I used to love autoroute but a few years back switched to mappoint as I found the full postcode search plus the business user look just that bit better.

Mappoint 2010 just started floating about now  excellent bit of kit.


----------



## greygit (Apr 15, 2007)

Traveller_HA5_3DOM said:


> Just checked with the Microsoft shop and they price it at £45 but for a penny and thats without the GPS sensor. Autoroute without GPS sensor. It is another £50 if you want the sensor. You can be obtain the GPS sensors form lots of internet sources but be careful, the first one I bought was one of the cheaper ones and it looses the signal all the time. I now have a TomTom sensor that my son used to use with his mobile phone and that works brilliantly.

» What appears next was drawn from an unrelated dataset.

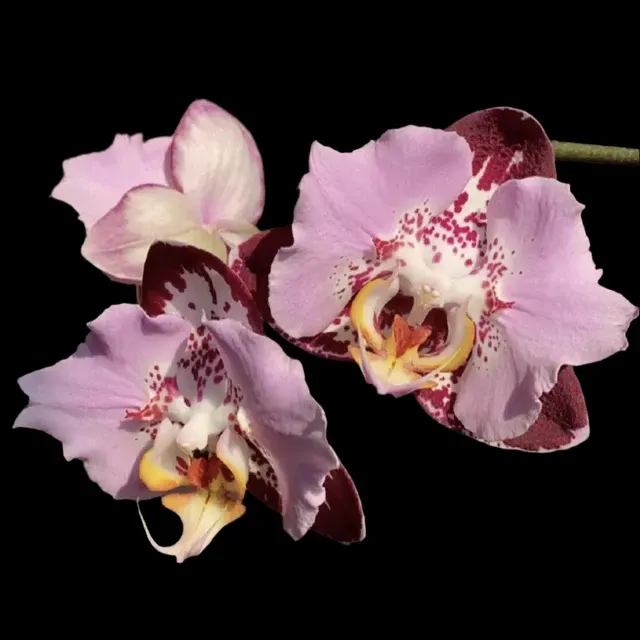 Phalaenopsis Fangmei Black Piano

I've just bought Autoroute 2007 with the GPS sensor on Ebay for £21.00 the sensor works fine on the 2010 version.
Gary :wink:


----------



## Telbell (May 1, 2005)

Anyone managed to get hold of this yet?

I pre-ordered from Amazon at the beginning of Dec. Delivery date 8th....then back to 14th.....now back to 7th Jan :roll:  

Been browsing on some on-line stores but can't find any in stock

So much for getting it so that Mum can wrap it up for me for Christmas


----------



## SaddleTramp (Feb 15, 2007)

I have the Us version which appears Ok it also does Europe and I am very pleased to see that even Greece is now getting all it's roads digitised for use on it.

It is the licensed version not the beta version.


----------



## Kees (Jan 15, 2009)

I ordered it direct from the Microsoft Store on 22 November.

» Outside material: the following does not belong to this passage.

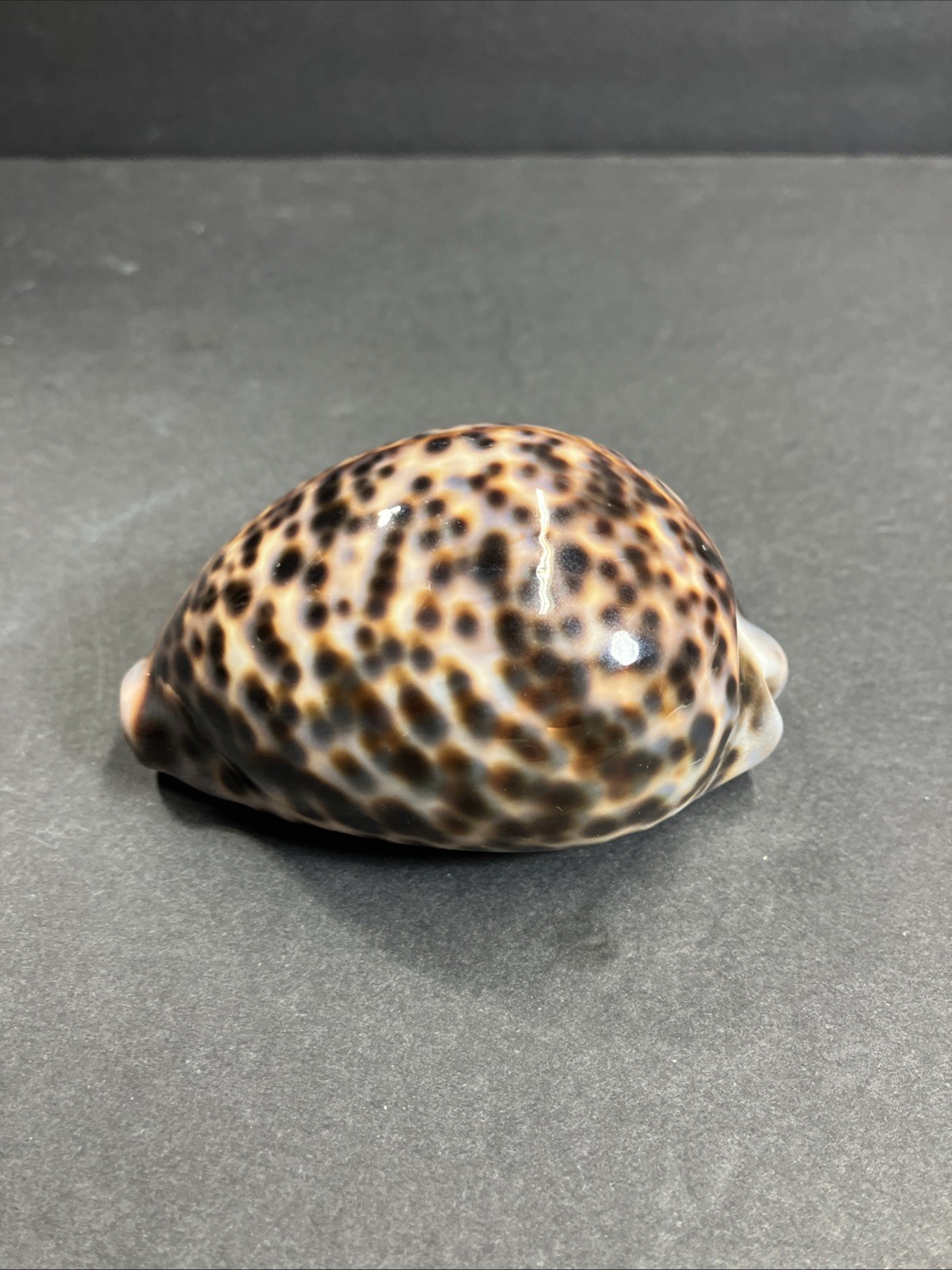 Tiger Cowrie-Cypraea Tigris Shell 3.75” – 9.5 Cm Long Nice Size And Color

No sign of it yet. :roll: 

Kees


----------



## wp1234 (Sep 29, 2009)

Just loaded AR 2010 on my laptop and it looks good but does anybody know if is possible to load French aires onto the maps in bulk ?


----------



## Traveller_HA5_3DOM (May 9, 2005)

The files you need are on our website under resources and useful downloads so download these first. 
Open up Autoroute and use the Data drop down menu and the import data wizard. 
Be sure to alter the file type in the wizard to match the type of file you are importing as it will accept text files and CSV files and also excel and access data sheets. 
It will create a file that you can save and use again and again. If you get the latitude and longditude the wrong way round you will soon notice that the sites are in the middle of the ocean so just scrap it and have another go. 
When you get it right you can save it as a template if you want to and then when you do file - new from the drop down menu you will get this as an option to use as your starting map.


----------